The entire scheme of the 1959 Act under Chapter XIV is therefore a complete code pertaining to acquisition that was permissible under the Act when the acquisition in the present case took place in the year 1962-1963. As noted above there is no provision unlike Section 17 of the 1973 Act where the State Government could have exercised any such powers. The entire proceedings under the 1959 Act had therefore concluded with the acquisition of the land that does not appear to have been challenged. Section 17 of the 1973 Act for all the aforesaid reasons can not grant a new lease of life to a already concluded claim and therefore the prayer made by the petitioners can not be granted.
The petitioners contend that they have not been paid compensation. From the application stated to have been moved by the petitioners dated 20.09.2002, Annexure-4 to the writ petition, it appears that the petitioners themselves have stated that they have not lifted the compensation. Thus this is not a case where the compensation is alleged to have not been deposited before the Competent Authority and rather it is a case where the petitioners themselves alleged to have not lifted the compensation.

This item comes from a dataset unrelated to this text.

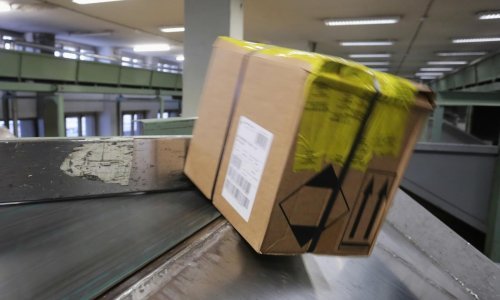 Uhićen muškarac koji je sumnjive pakete slao veleposlanstvima, prijeti mu do deset godina zatvora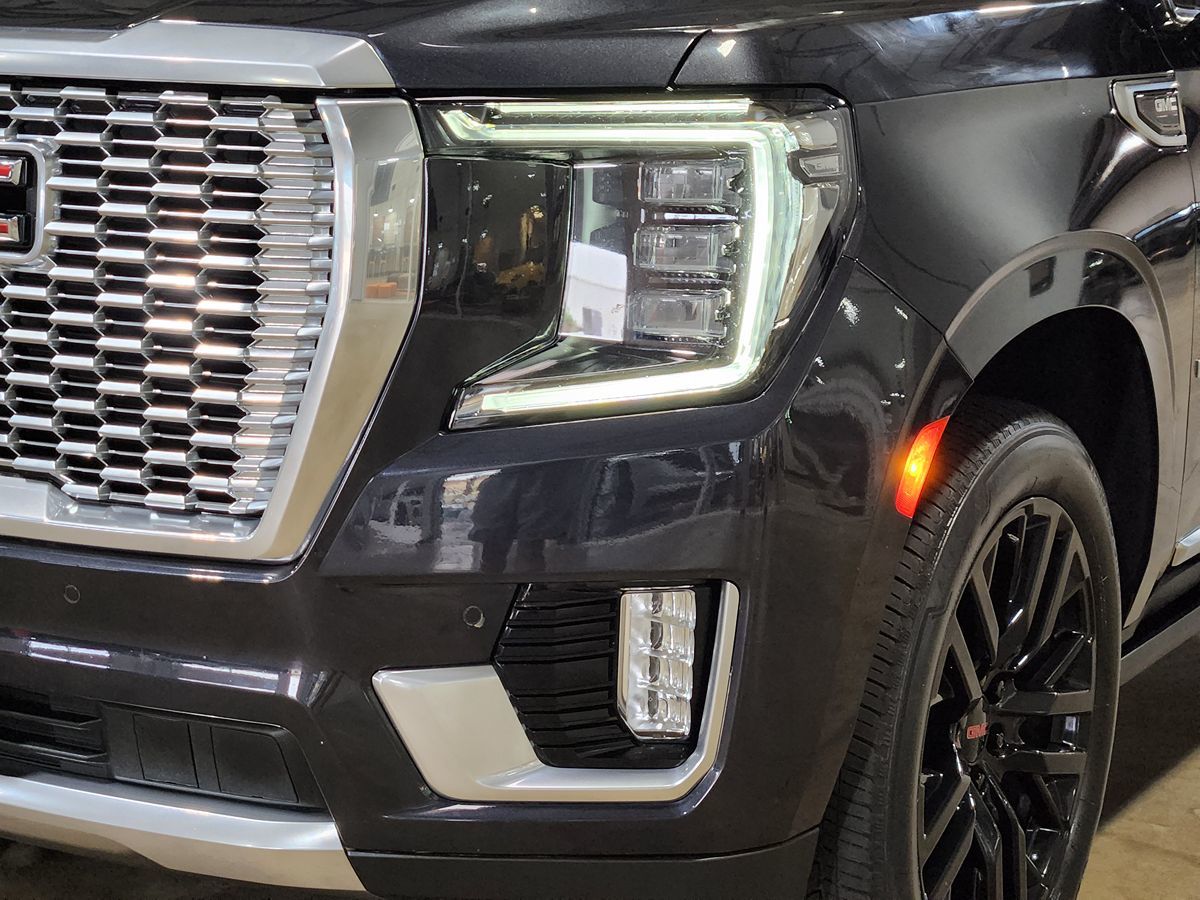 GMC Yukon photo 14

Apart from this the notifications are of the year 1962-1963 under the 1959 Act. To file a writ petition after 42 years also raises the issue of laches. The explanation given is that till 1985 since their names was recorded, the petitioners started making a request thereafter when their names were expunged keeping in view Section 17 of the 1973 Act. From the annexures filed in the writ petition it appears that the applications were moved in the year 2002 almost seven years after their names were expunged. There is no explanation of the delay and laches in this regard. Apart from this the entire colony having been developed and almost two generations having passed by after the acquisition, the petitioners have no where indicated as to why their predecessors who were the recorded tenure holders at the time of acquisition had not raised any such dispute either about acquisition or a challenge being raised against the notification or the award.
In the absence of any such material and the facts aforesaid we do not find this to be a case where a mandamus can be issued to the respondent State in terms of Section 17 of the 1973 Act. The writ petition lacks merit and is accordingly dismissed.